With post-election yen volatility already making a mark on Japanese equities, traders in Tokyo said the focus would this week turn on JGB markets and the BoJ’s resolve.
After wrestling to understand the implications of Mr Trump’s various, sometimes conflicting campaign pledges, markets are tentatively pricing in large-scale fiscal stimulus — policies that could see the yen weaken against a background of a resurgent dollar and rising Treasury yields.
For Japanese analysts the key question will be how BoJ governor Haruhiko Kuroda will respond if 10-year JGB yields rise to zero or even put them in positive territory for the first time since March. Critical to making that happen, say analysts, will be whether the yen falls to ¥110 per dollar — its level the previous time the 10-year JGB yield closed above zero.
The uncertainty that the BoJ might soon be forced to clear up, said Nomura’s rates analyst Naka Matsuzawa, is what level Mr Kuroda is targeting through yield curve control. Some suspect that he sees a 0.0 yield on the 10-year JGB as the ceiling, others that zero represents the centrepoint of a range around which the BoJ could be flexible.

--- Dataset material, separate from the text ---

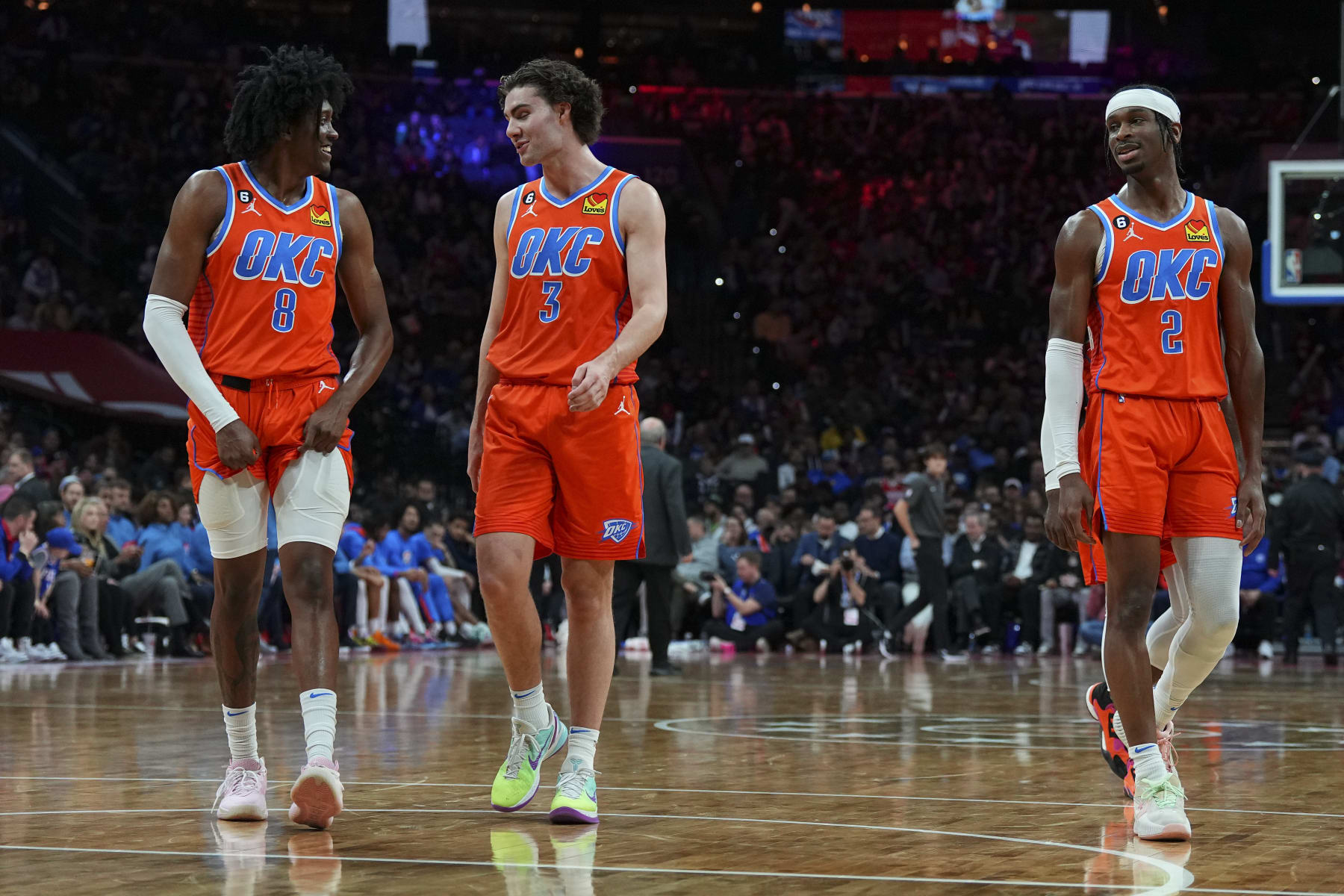 PHILADELPHIA, PA - JANUARY 12: Jalen Williams #8, Josh Giddey #3, and Shai Gilgeous-Alexander #2 of the Oklahoma City Thunder look on against the Philadelphia 76ers at the Wells Fargo Center on January 12, 2023 in Philadelphia, Pennsylvania. NOTE TO USER: User expressly acknowledges and agrees that, by downloading and or using this photograph, User is consenting to the terms and conditions of the Getty Images License Agreement. (Photo by Mitchell Leff/Getty Images)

Warnings of an impending stress test along those lines intensified on Friday when, following the yen’s decline to ¥107 against the dollar, the yield on the 10-year JGB rose to an intraday peak of minus 0.025 per cent. Shuichi Ohsaki, Japan fixed income strategist at Bank of America Merrill Lynch, said that if US treasury yields were still rising next week there was a chance that the JGB 10-year yield could touch zero soon.
But its stay there would likely be temporary. The 10-year JGB’s arrival at a yield of zero, said Mr Ohsaki, would unleash massive, pent-up demand from many investors, but particularly from Japan’s regional banks. Since 10-year JGB yields turned negative earlier this year, regional banks have been forced to chase yield from much longer tenors: the weight of buying pressure at 0.0 per cent yields would send them lower again.

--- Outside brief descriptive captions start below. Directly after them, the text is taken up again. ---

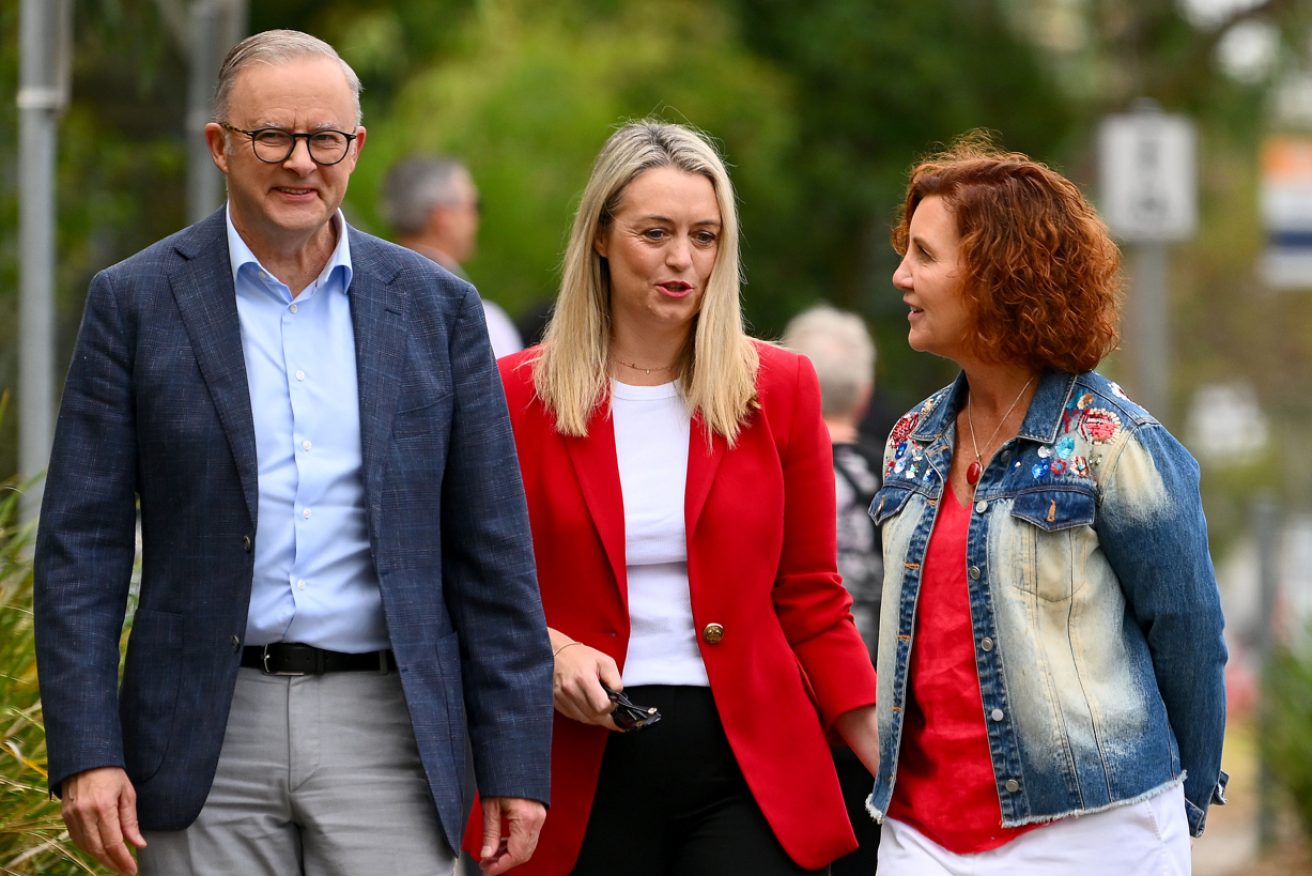 PM Anthony Albanese flashes a winning smile with partner Jodie Haydon and Labor candidate for Dunkley Jodie Belyea.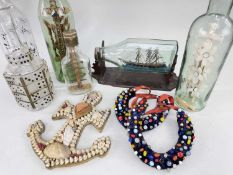 A GROUP OF MARITIME SOUVENIRS comprising four models 'in bottles' including one galleon and
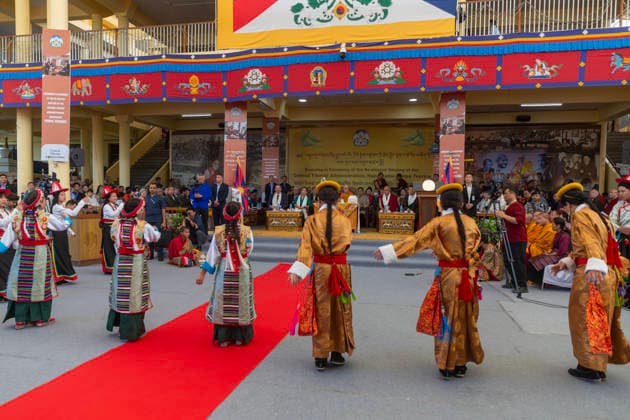 May 27, 2026, Dharamshala, Himachal Pradesh, India: Artist from TIPA perform dance as Tibetan Spiritual Leader the Dalai Lama (c), newly re-elected Sikyong Penpa Tsering (1st R), sitting on the dice with other dignitaries during Swearing-in Ceremony of the re-elected Sikyong of the Central Tibetan Administration (CTA) Penpa Tsering at Tsugla Khang Temple, Mcleodganj, Dharamshala on Wednesday...NOTE; EDITORIAL USE ONLY. Dharamshala India  - ZUMAb235 20260527_zip_b235_010 Copyright: xShaileshxBhatnagarx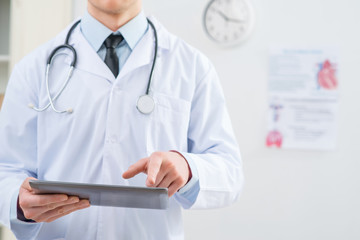 Professional doctor holding tablet 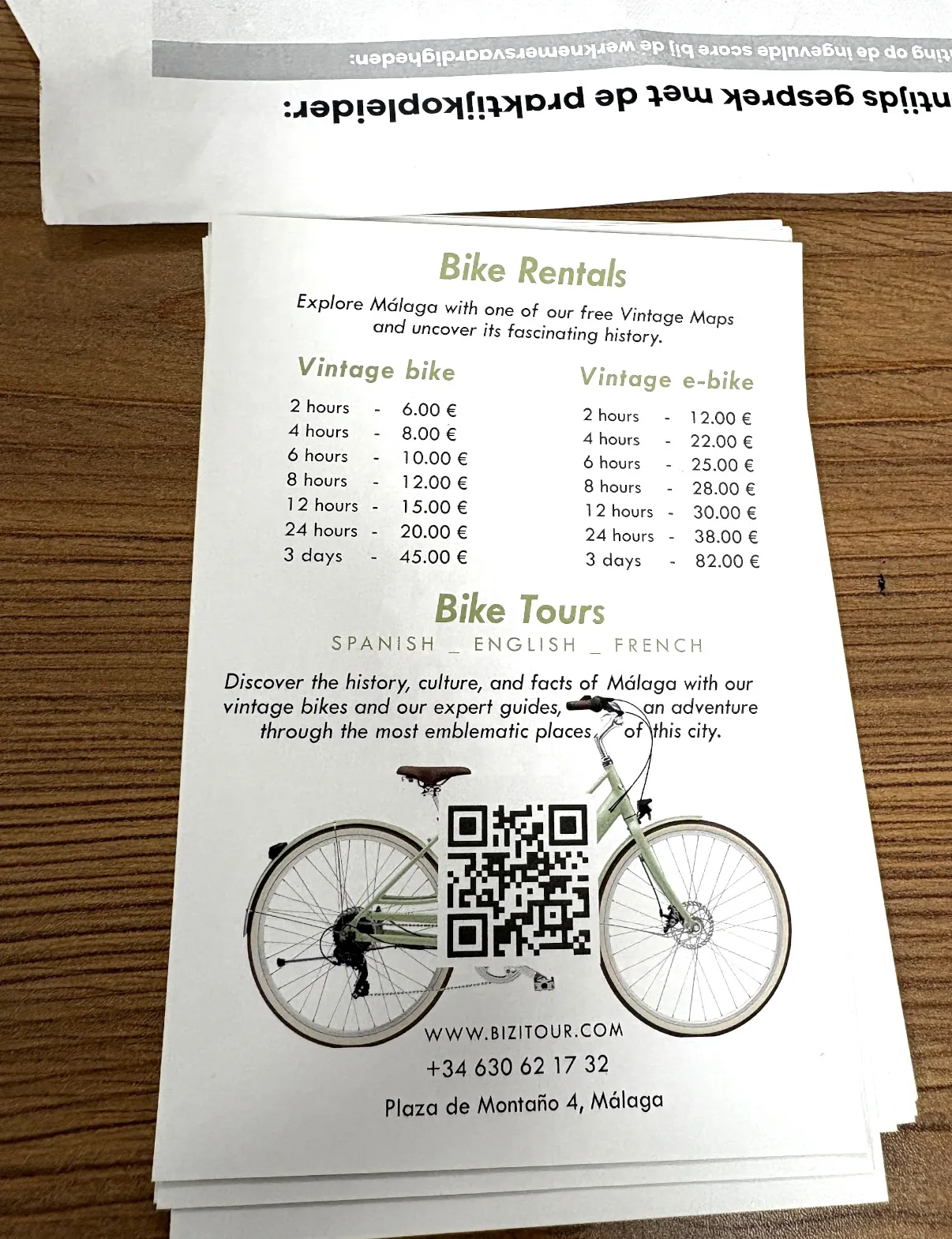 The Bizi Tour leaflet listing bike rental prices and tours, with the Plaza de Montaño address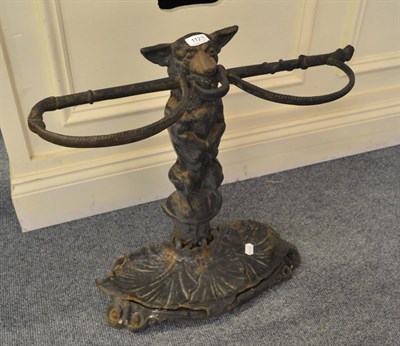 Lot 1123 - A cast iron stick stand in the form of a dog holding a crop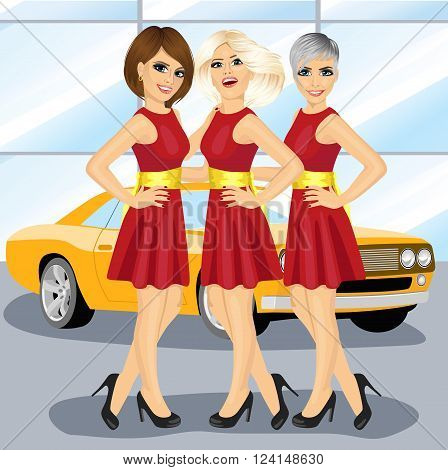 Three beautiful hostess women in red deresses by the yellow car on motor show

JGB yields stand the closest to zero they have been since September 21 — the BoJ meeting where Mr Kuroda introduced the concept of “quantitative and qualitative monetary easing with yield curve control”. Once the dust had settled after that meeting, analysts interpreted the move as a signal to markets that the potential for BoJ intervention in JGB markets was, in theory, unlimited.
The post-election bond sell-off in the US and Japan, said CLSA global strategist Christopher Wood, raises the possibility of a stress test of the BoJ’s commitment to fix the ¥10-year JGB yield at 0.0 per cent. “A move in the 10-year Treasury bond yield through 2.25 per cent, say, is the kind of market move that could trigger such a stress test,” he wrote in a note to clients last week. “That in turn would mean the BoJ being seemingly committed to unlimited JGB purchases which would be yen bearish and Japanese equity bullish.”
Nomura’s Mr Matsuzawa, however, noted that while JGB yields of minus 0.025 per cent look close to zero: “Those three basis points hold quite a lot of meaning. Everyone knows that as they get closer [to zero], investors would shift to get the yield,” he said.